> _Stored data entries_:
*-*-*
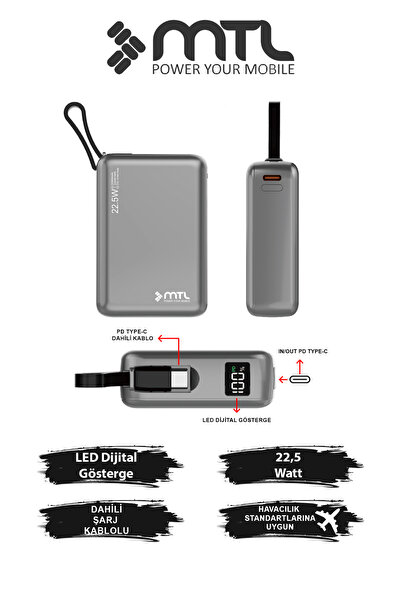 MTL 20000 mAh 22.5W Süper Hızlı Şarj Dahili Kablolu LED Göstergeli PD ve QC 3...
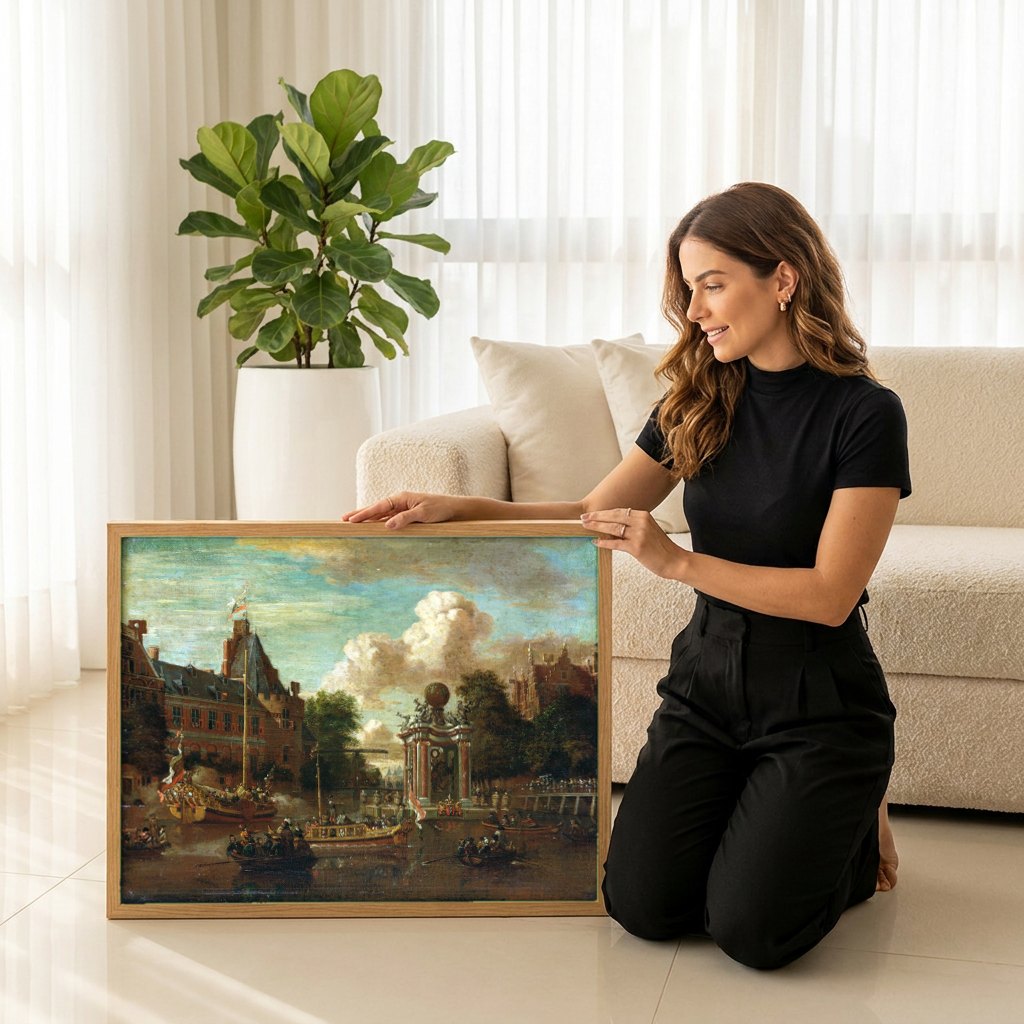 Quadro Decorativo Celebração no Canal - Storck | modelo apresentando o quadro emoldurado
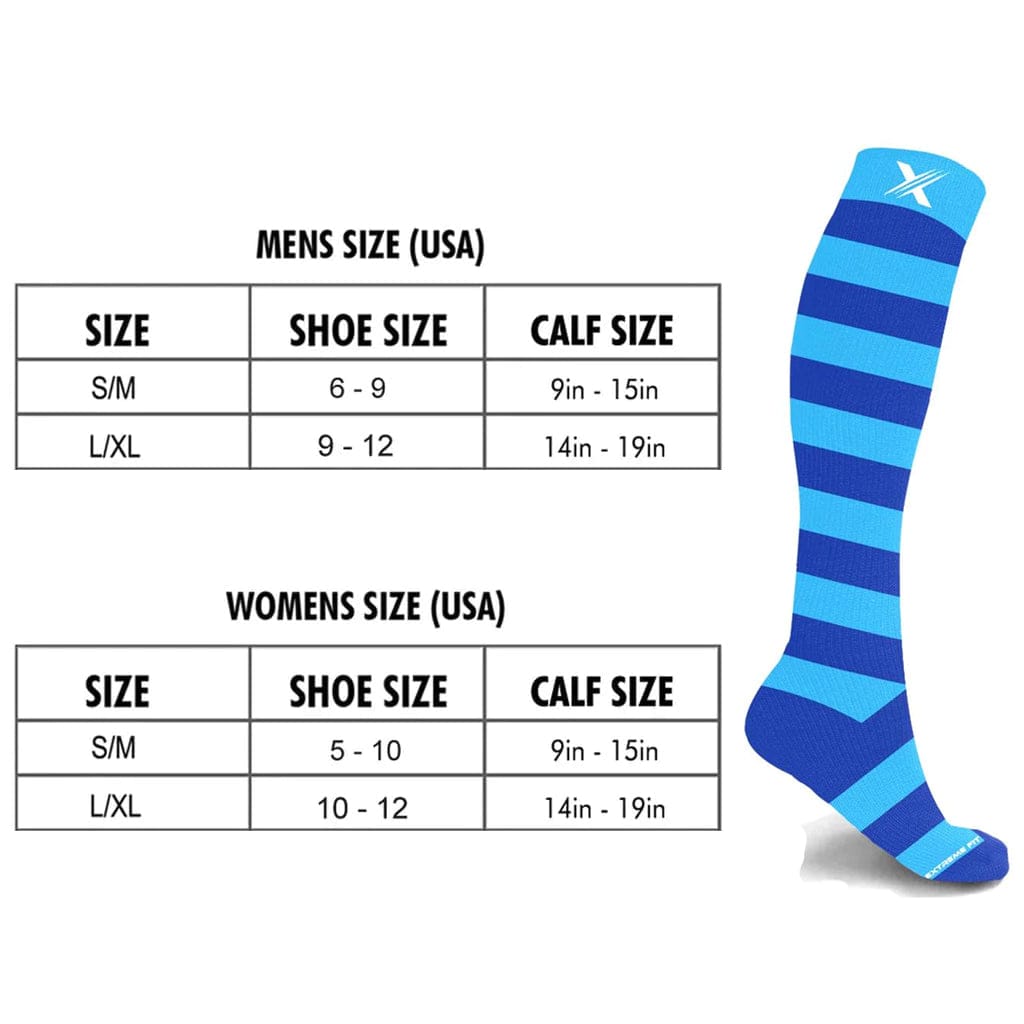 Extreme Fit - MISMATCHED: AZURE COMPRESSION SOCKS - KNEE-LENGTH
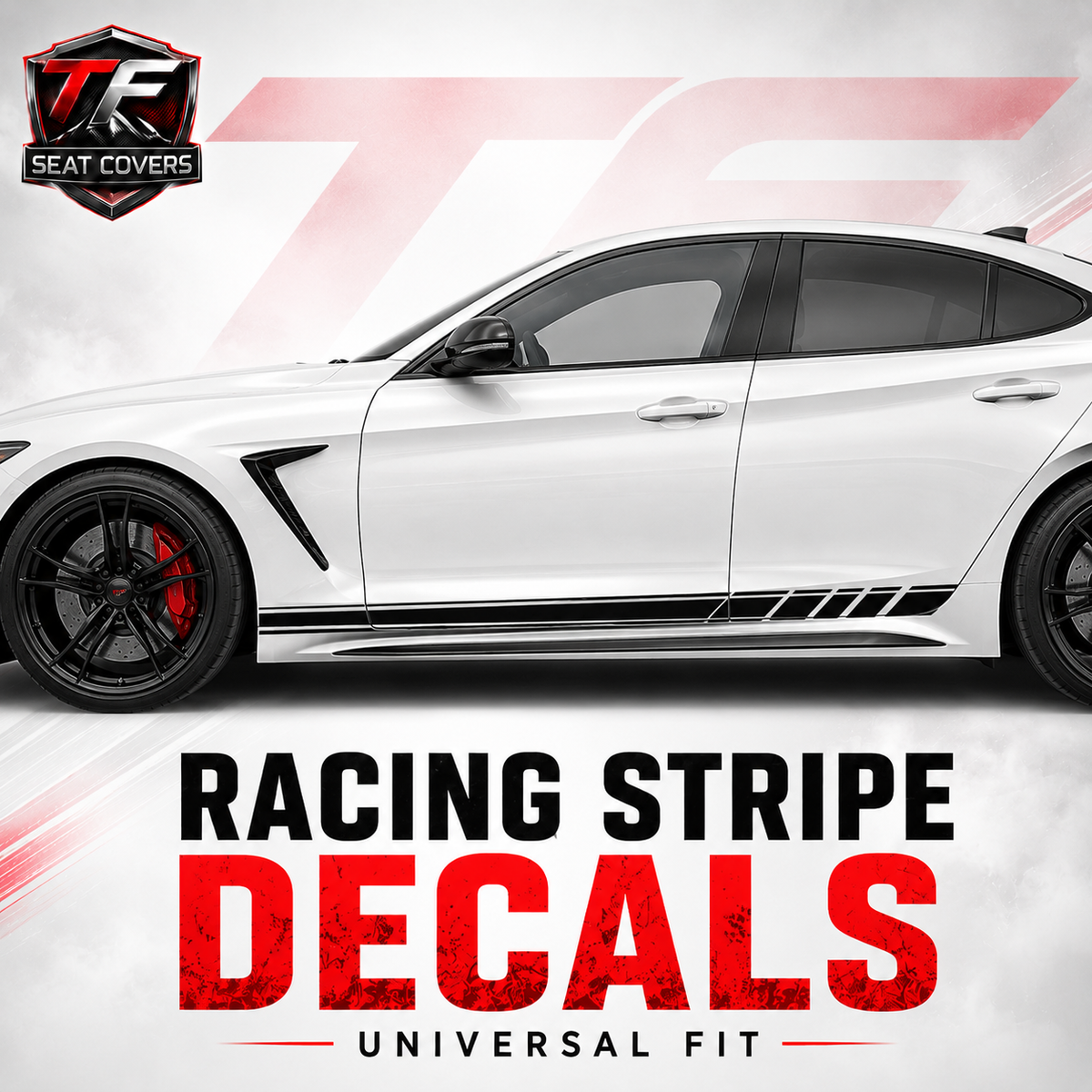 Car Side Skirt Racing Stripe Decals — Vinyl Body Graphics (2 Pcs, Universal) - side profile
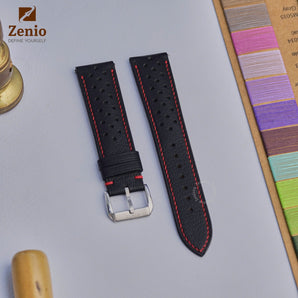 Black mix Red Stiching Strap For Moonswatch Moonphase - White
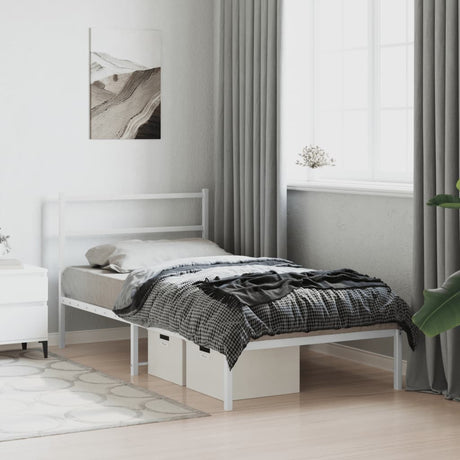 Vidaxl bedframe met hoofdbord metaal wit 100x190 cm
*-*-*
> _Task instructions_:
Please restate the entries word for word, with all pictures left out.

> _Worked solution_:
 MTL 20000 mAh 22.5W Süper Hızlı Şarj Dahili Kablolu LED Göstergeli PD ve QC 3...
 Quadro Decorativo Celebração no Canal - Storck | modelo apresentando o quadro emoldurado
 Extreme Fit - MISMATCHED: AZURE COMPRESSION SOCKS - KNEE-LENGTH
 Car Side Skirt Racing Stripe Decals — Vinyl Body Graphics (2 Pcs, Universal) - side profile
 Black mix Red Stiching Strap For Moonswatch Moonphase - White
 Vidaxl bedframe met hoofdbord metaal wit 100x190 cm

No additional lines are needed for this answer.